1.2 Setup Dependencies

scRNA has several dependencies listed below. These dependencies can be installed by a sysadmin. All dependencies will be automatically loaded if running from Biowulf.

  • nextflow: "nextflow/23.04.1"
  • cellranger "cellranger:7.1.0"
  • R: "R/4.3"

Docker containers to run the pipeline are currently in development.

1.3 Login to the cluster

scRNA has been exclusively tested on Biowulf HPC. Log in to the cluster's head node and move into the pipeline location.

# ssh into cluster's head node
ssh -Y $USER@biowulf.nih.gov

1.4 Load an interactive session

An interactive session should be started before performing any of the pipeline sub-commands, even if the pipeline is to be executed on the cluster.
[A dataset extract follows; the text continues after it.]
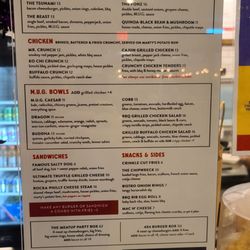 The Meat Up Grill - Menu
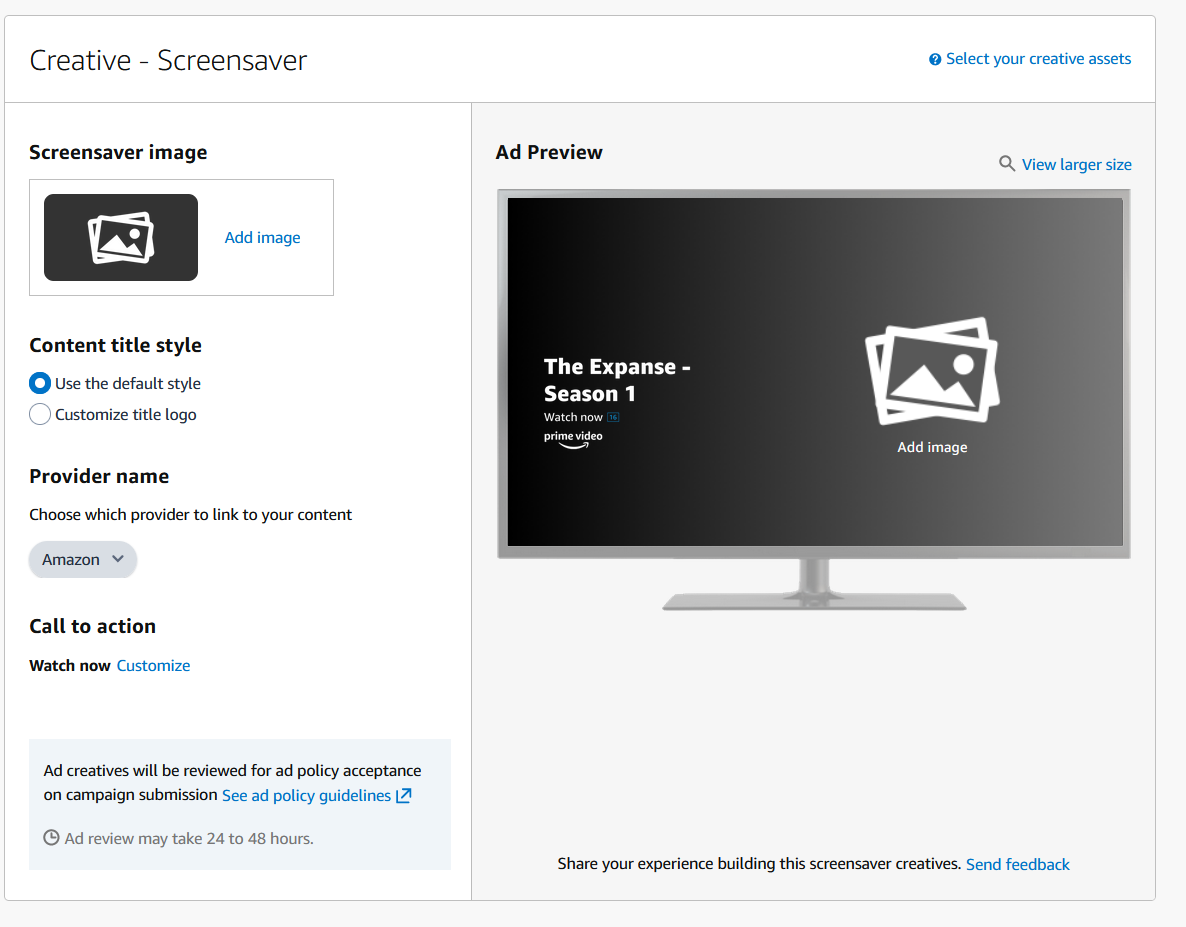 Creative Screensaver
# Grab an interactive node
sinteractive --mem=64g --cpus-per-task=16 --time=8:00:00 --gres=lscratch:128

1.5 Installing and setting up SINCLAIR

The ccbrpipeliner module on Biowulf also loads module dependencies, and should be loaded prior to running SINCLAIR:

module load ccbrpipeliner/8

Initialize the output directory for SINCLAIR. This will create a new directory and copy the necessary files to run the pipeline:

sinclair init --output /path/to/output/dir

From here, proceed to preparing the files and then running the pipeline.